DATA FOR THIS TASK:
^^^^^^^^

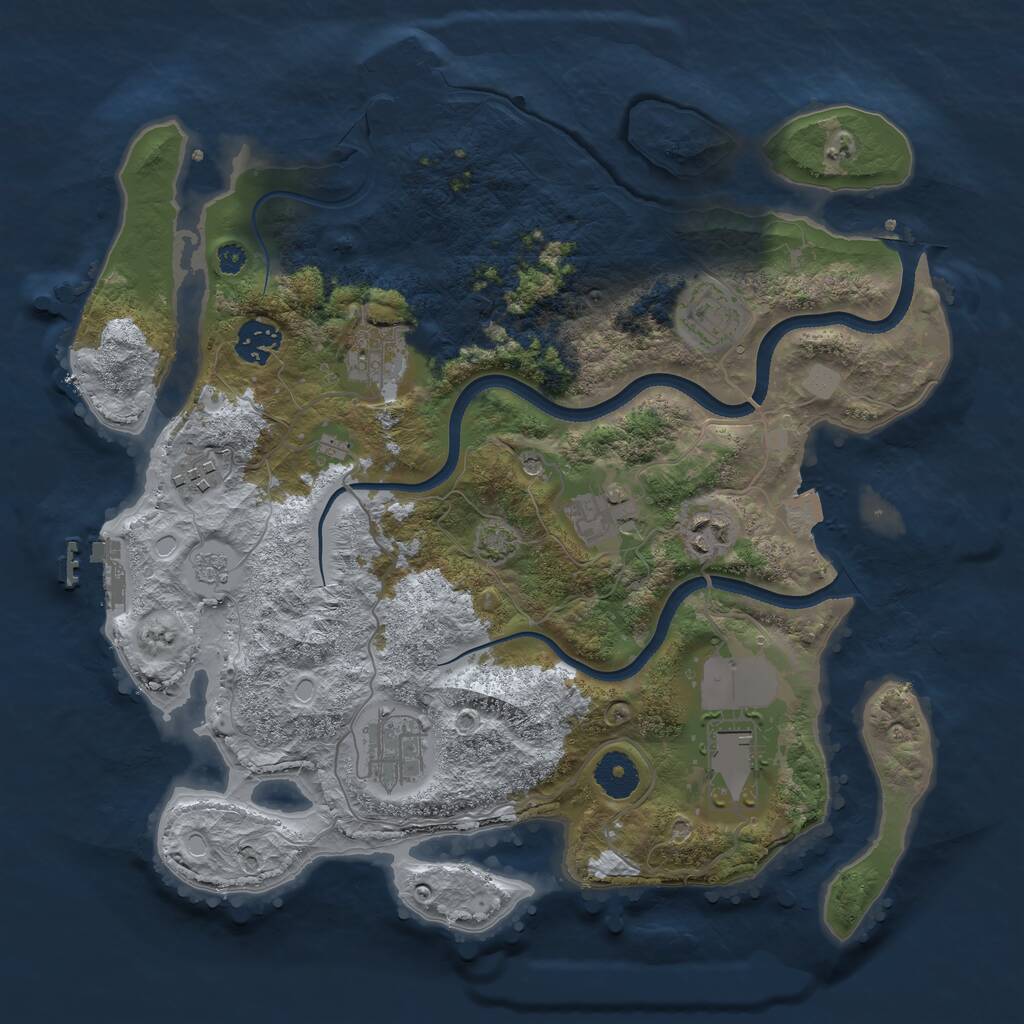 Rust Map: Procedural Map, Size: 3500, Seed: 43163538, 14 Monuments
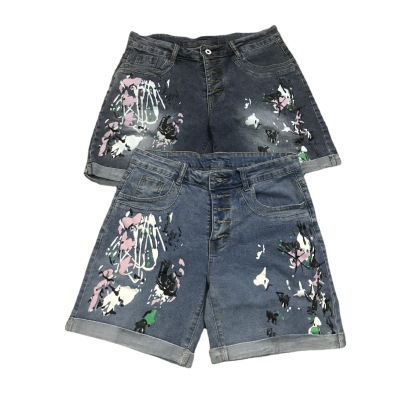 Summer new denim shorts washed printed jeans women's clothing 40 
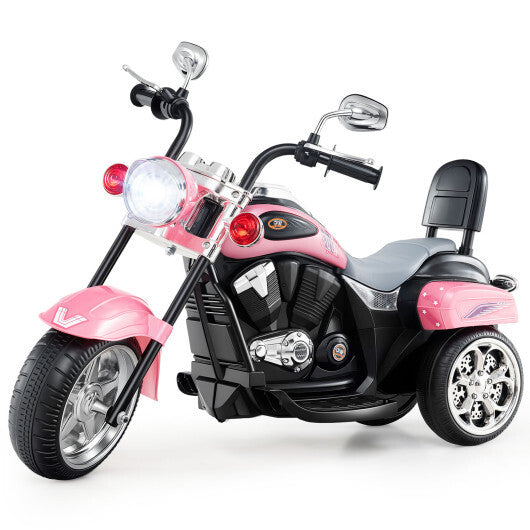 6V Powered Toddler 3-Wheel Motorbike Ride On Toy with Horn and Headlight-Heart Pink - Color: Heart Pink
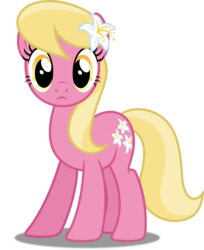 Size: 4077x5000 | Tagged: safe, artist:dashiesparkle, artist:silvervectors, lily, lily valley, earth pony, pony, g4, slice of life (episode), .svg available, absurd resolution, background pony, cute, female, flower, flower in hair, frown, inkscape, lily (flower), mare, ponyscape, show accurate, simple background, solo, transparent background, vector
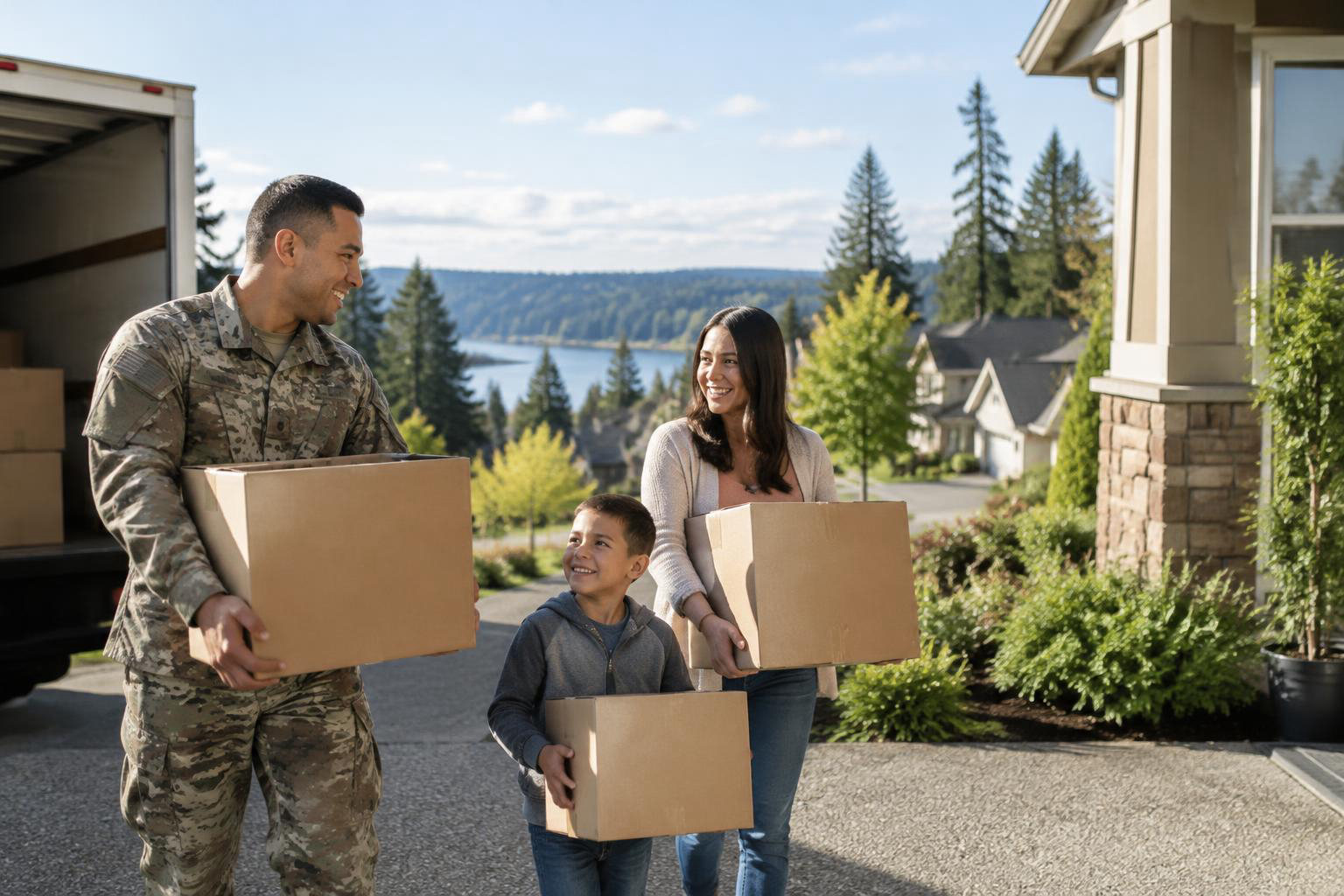 Illustrative people naturally engaged in the article's homeownership or relocation topic accompanying Relocating to Tumwater with Military Orders: A Practical Guide for JBLM Households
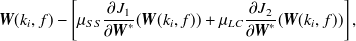 $\displaystyle  {\mbox{\boldmath {$W$}}}(k_ i, f) - \left[ \mu _{SS} \frac{\partial J_1}{\partial {\mbox{\boldmath {$W$}}}^*}({\mbox{\boldmath {$W$}}}(k_ i, f)) + \mu _{LC} \frac{\partial J_2}{\partial {\mbox{\boldmath {$W$}}}^*}({\mbox{\boldmath {$W$}}}(k_ i, f)) \right], \label{equpdateSepMatInst} $
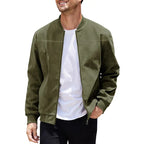 Jaqueta Masculina com Zíper e Gola Alta Casual Retrô – (Promoção de Inverno 2026)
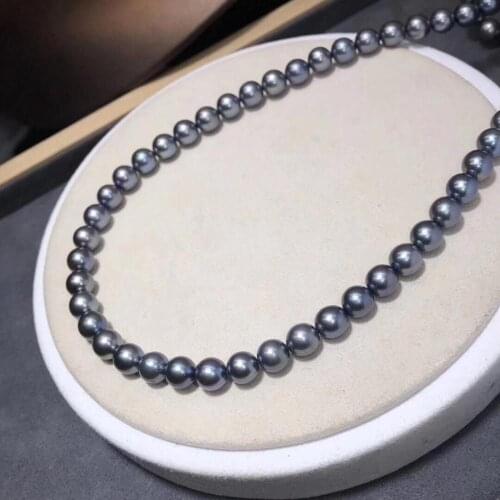 D524 Fine Jewelry Round 6-7mm Natural Ocean Sea Water Black Pearls Necklaces for Women Fine Pearls Necklaces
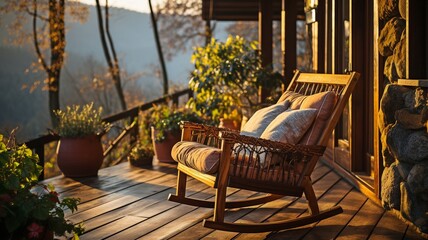 Rocking chair on a wooden cottage's patio in the warm sunlight .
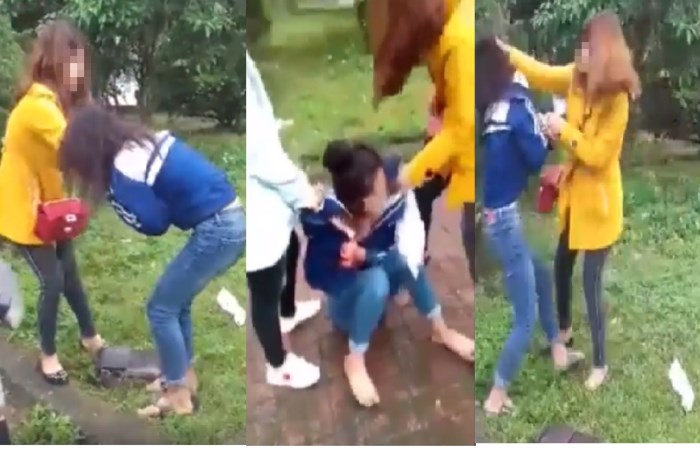 Phát hiện nữ sinh nhắn tin với chồng mình, vợ kéo người đánh ghen lột đồ dã man ảnh 1 Phát hiện nữ sinh nhắn tin với chồng mình, vợ kéo người đánh ghen lột đồ dã man ảnh 1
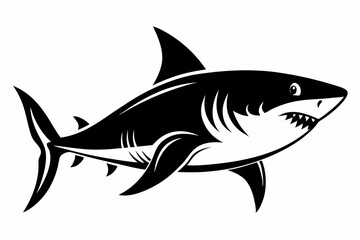 Obraz premium shark line art silhouette vector illustration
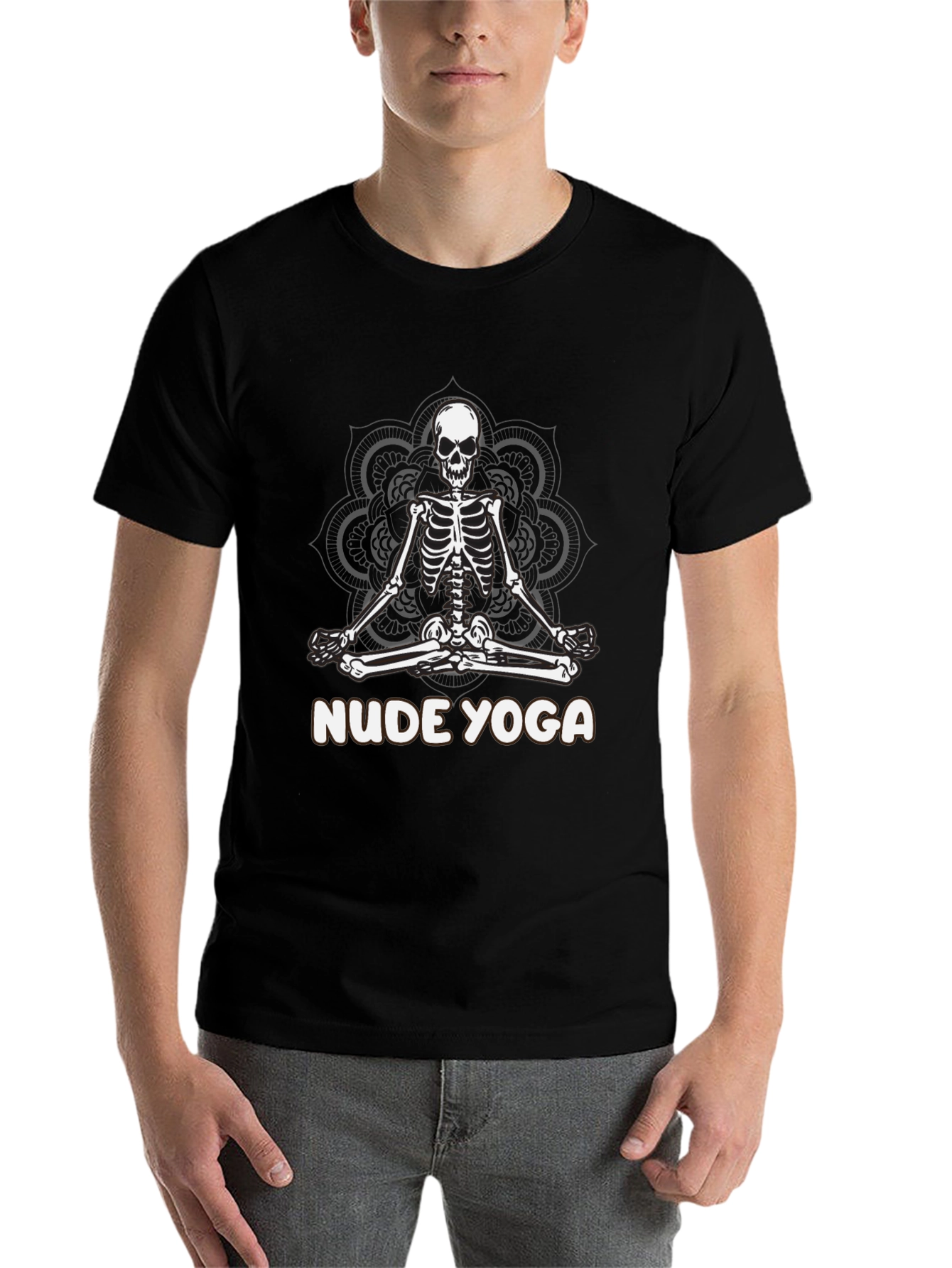 Black Nude Yoga Skeleton T-Shirt - Relaxed Meditation Tee view 7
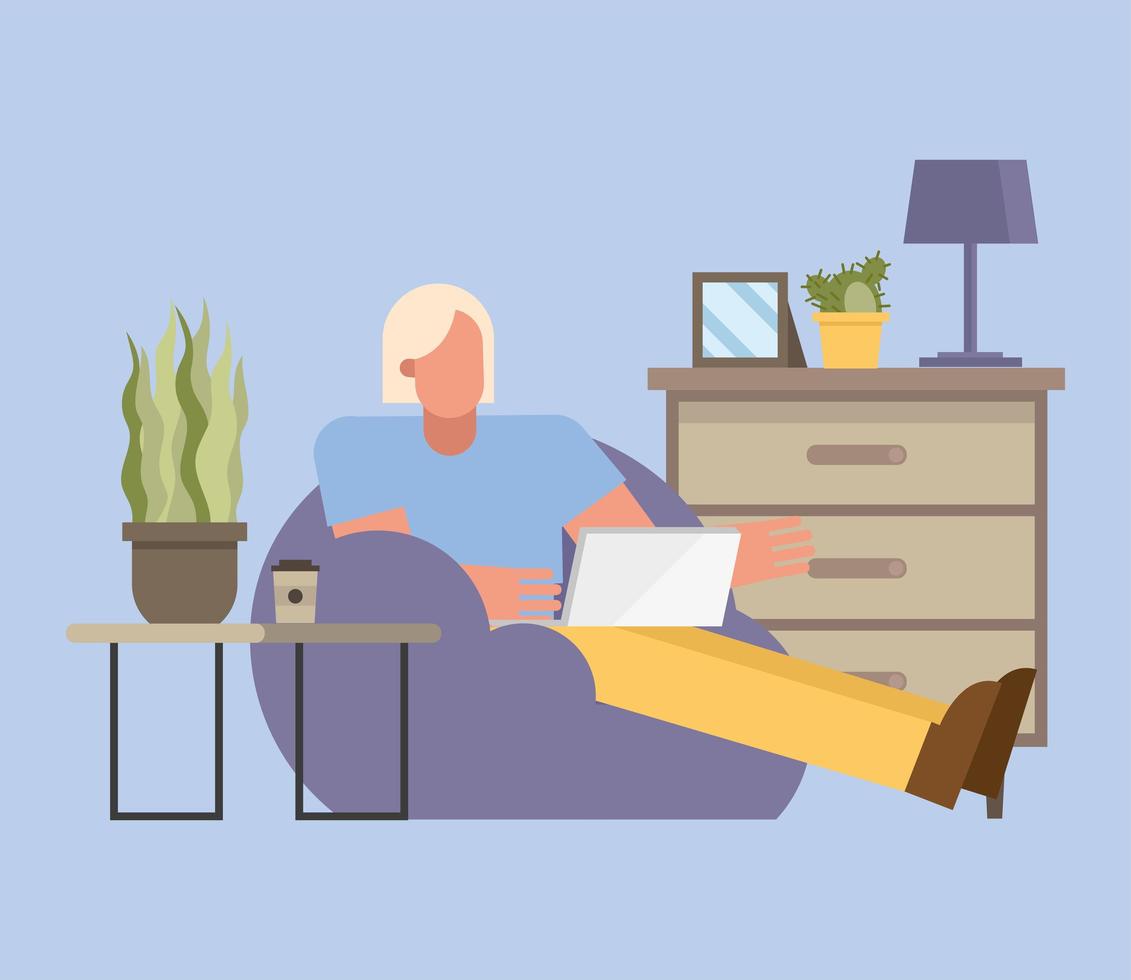 blond man with laptop working from home vector design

^^^^^^^^

EXERCISE DESCRIPTION: Everything from the first line of the records through the line containing "Size: 4077x5000 |" should be repeated exactly, with the pictures left out.

OUTPUT BELOW:
 Rust Map: Procedural Map, Size: 3500, Seed: 43163538, 14 Monuments
 Summer new denim shorts washed printed jeans women's clothing 40 
 6V Powered Toddler 3-Wheel Motorbike Ride On Toy with Horn and Headlight-Heart Pink - Color: Heart Pink
 Size: 4077x5000 | Tagged: safe, artist:dashiesparkle, artist:silvervectors, lily, lily valley, earth pony, pony, g4, slice of life (episode), .svg available, absurd resolution, background pony, cute, female, flower, flower in hair, frown, inkscape, lily (flower), mare, ponyscape, show accurate, simple background, solo, transparent background, vector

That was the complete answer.